我正在尝试使用 pycaret autoML 包使用 google colab 中以下链接parts_revenue_data中的数据进行时间序列预测。当我尝试比较模型并找到最好的模型时,代码挂起并保持在 20%。
代码可以在下面找到
# Only enable critical logging (Optional)
import os
os.environ["PYCARET_CUSTOM_LOGGING_LEVEL"] = "CRITICAL"
def what_is_installed():
from pycaret import show_versions
show_versions()
try:
what_is_installed()
except ModuleNotFoundError:
!pip install pycaret
what_is_installed()
import pandas as pd
import numpy as np
import pycaret
pycaret.__version__ # 3.1.0
df = pd.read_csv('parts_revenue.csv', delimiter=';')

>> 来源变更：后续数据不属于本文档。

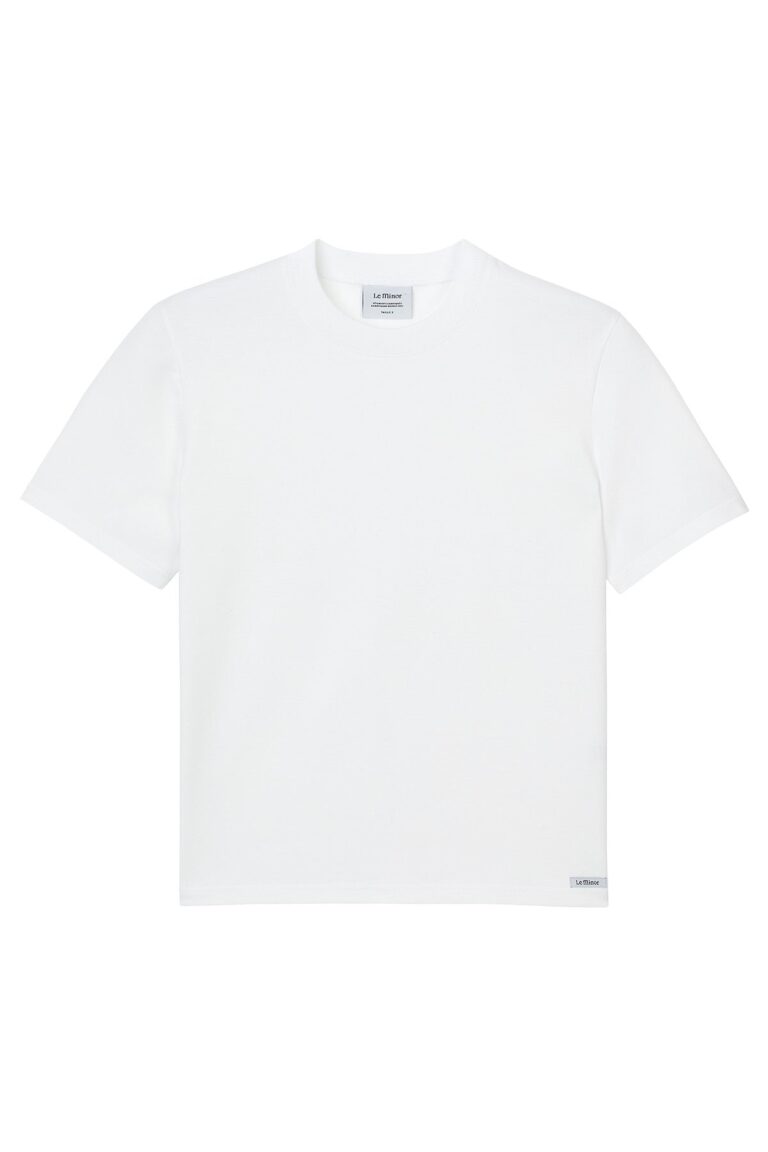 Le Minor - T-shirt Andy blanc – XXL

from pycaret.utils.time_series import clean_time_index
cleaned = clean_time_index(data=df,
index_col='Posting Date',
freq='D')
# Verify the resulting DataFrame
print(cleaned.head(n=50))
# parts['MA12'] = parts['Parts Revenue'].rolling(12).mean()
# import plotly.express as px
# fig = px.line(parts, x="Posting Date", y=["Parts Revenue",
# "MA12"], template = 'plotly_dark')
# fig.show()
import time
import numpy as np
from pycaret.time_series import *
# We want to forecast the next 12 days of data and we will use 3
# fold cross-validation to test the models.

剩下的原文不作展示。